Pixel Shift Resolution (PSR) on the K-1 II, K-3 III, and KP captures four sub-pixel-shifted frames and merges them for extra detail; develop the merge in Pentax Digital Camera Utility 5 first, then convert the result to HEIC for the browsing library. The usual HEIC caveats apply: fine-art print labs like Bay Photo and Whitewall want JPG or TIFF uploads, AstroBin and most photo forums reject HEIC, and Windows viewers need the HEVC codec. Keep HEIC for your own archive and Apple devices, and export JPG for publication targets.

When you'd use this

Reasons to convert PEF to HEIC usually come down to compatibility, file-size, or specific feature requirements. Common situations:

  • An app or platform only accepts HEIC uploads.
  • You need a feature unique to HEIC (e.g. transparency, vector scaling, animation, multi-page pages, etc.) that PEF doesn't provide.
  • You're optimising file size — modern formats often produce smaller files than the older format you started with.
  • You need a single archival format across a project so files behave consistently in the same viewer.

How to do it in heic.now

  1. Open the PEF → HEIC tool on heic.now.
  2. Drag your PEF file onto the drop zone, or click Select files. You can drop a whole folder of files at once.
  3. The output is fixed to HEIC. If the format supports extra options (page size, transparency background, quality, EXIF stripping), tweak them in the right-hand panel.
  4. Click Convert. The job runs on our server and finishes in a few seconds for typical photos.
  5. Download the result. Files stay in storage for 24 hours and are then permanently deleted.

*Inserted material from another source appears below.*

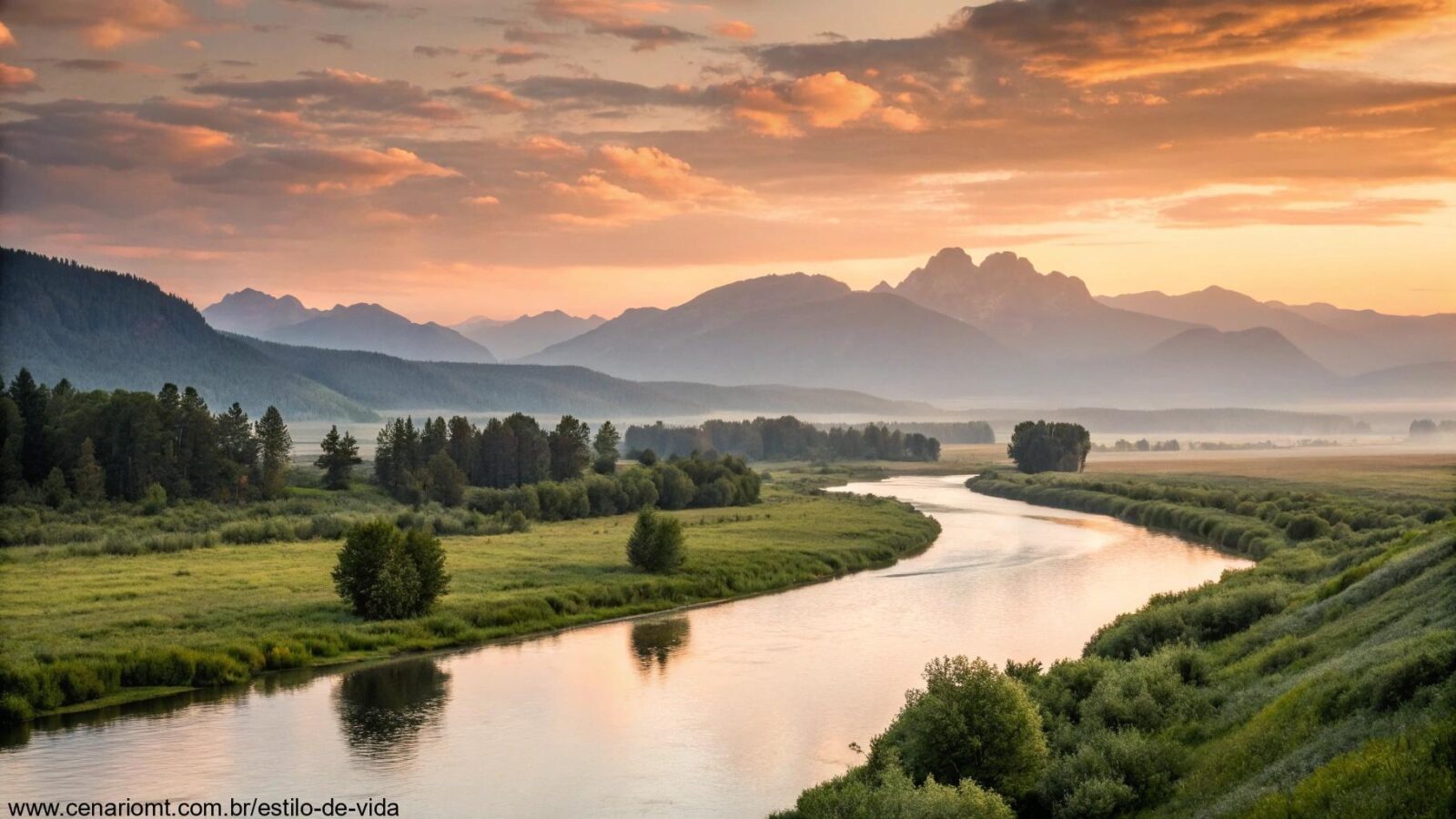 Paisagem serena ao nascer do sol com um rio calmo fluindo por um vale verdejante, cercado por montanhas distantes, simbolizando paz e reflexão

The entire flow is free for the first 10 jobs per day with no signup required. A free account doubles that quota; a premium plan removes the limit entirely.

Tips and common pitfalls

  • For Pixel Shift Resolution files, merge in Pentax Digital Camera Utility 5 first - its motion-correction algorithm beats Adobe's handling - then convert the merged output to HEIC.
  • K-1 II Astrotracer shots embed GPS and celestial coordinates - HEIC carries this metadata through conversion, so strip it before public sharing if you guard your dark-sky locations.
  • HEIC's 10-bit color is the reason to prefer it over JPG for twilight and astro archives - 8-bit JPG bands on smooth night-sky gradients.
  • Print labs want JPG or TIFF - keep HEIC as your browsing archive and convert selects via heic-to-jpg when ordering prints.
  • Keep the PEF (or DNG) masters - the HEIC bakes in your development and can't be re-white-balanced later.